Although Volume 34 is not a special issue on COVID-19, the pandemic has necessitated an altered approach to teaching and assessing the basic course; as such, it has prompted new research, inquiry and practices. To wit:

  • Joshua F. Hoops of William Jewell College focuses on situational communication apprehension with the environmental factors of a pandemic considered as the unique situation in which students were being asked to perform. Hoops concludes that in general, pandemic public speaking led to opportunities to build resilience in students.
  • Jessalyn I. Vallade, Renee Kaufmann and T. Kody Frey of the University of Kentucky replicate and extend pre-COVID-19 research on student motivation and engagement in the basic course. Their article provides evidence that instructor presence has been more important for motivation and engagement during the pandemic.
  • Ashley N. Aragon and Drew T. Ashby-King of the University of Maryland explore course administrators’ relationship management styles and how those styles facilitated the move to remote instruction. They conclude that administrators had to balance rhetorical and relational management strategies, and this balance led to positive outcomes.

Timeless topics

Kristin L. Farris and Michael Burns of Texas State University pursue the idea that the basic course classroom is an ideal place for university socialization and that this socialization process may include integrating core values into the curriculum and highlights ways the basic course may partner across campus to contribute to the overall success of the university.

Joe C. Martin of the University of Kentucky examines the use of mobile technology in the basic course classroom, introducing a new term to the basic course literature — “phubbing,” or snubbing one’s classmates and instructor to focus on one’s phone.
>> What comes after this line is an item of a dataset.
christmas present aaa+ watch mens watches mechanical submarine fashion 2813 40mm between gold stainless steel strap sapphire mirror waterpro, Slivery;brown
Pandemic: Positive takeaways

In the Basic Course Forum, authors were asked to think about pandemic pedagogy lessons for the basic course, and they found some positive takeaways. Nicholas T. Tatum of University of Nevada, Las Vegas and Melissa Broeckelman-Post of George Mason University propose multiple ways course administrators can plan courses for adaptation in the event of a crisis. LeAnn M. Brazeal of Missouri State University focuses on increased reliance and the development of efficacy with technology and advocates for the continued use of many of these pedagogical tools to improve course accessibility to benefit all students, whether in person or online. Roy Schwartzman of the University of North Carolina at Greensboro provides a thoughtful forum response.

All articles available online; print volume available for purchase

The Basic Communication Course Annual is a peer-reviewed academic journal that launched in 1989. In 2016, the University of Dayton acquired the publication and its archives and made all of it available on eCommons, UD’s open-access institutional repository. New volumes are released in the first quarter of each year. Though all articles are available free online, readers who prefer a print version of Volume 34 may purchase one for $15 plus shipping.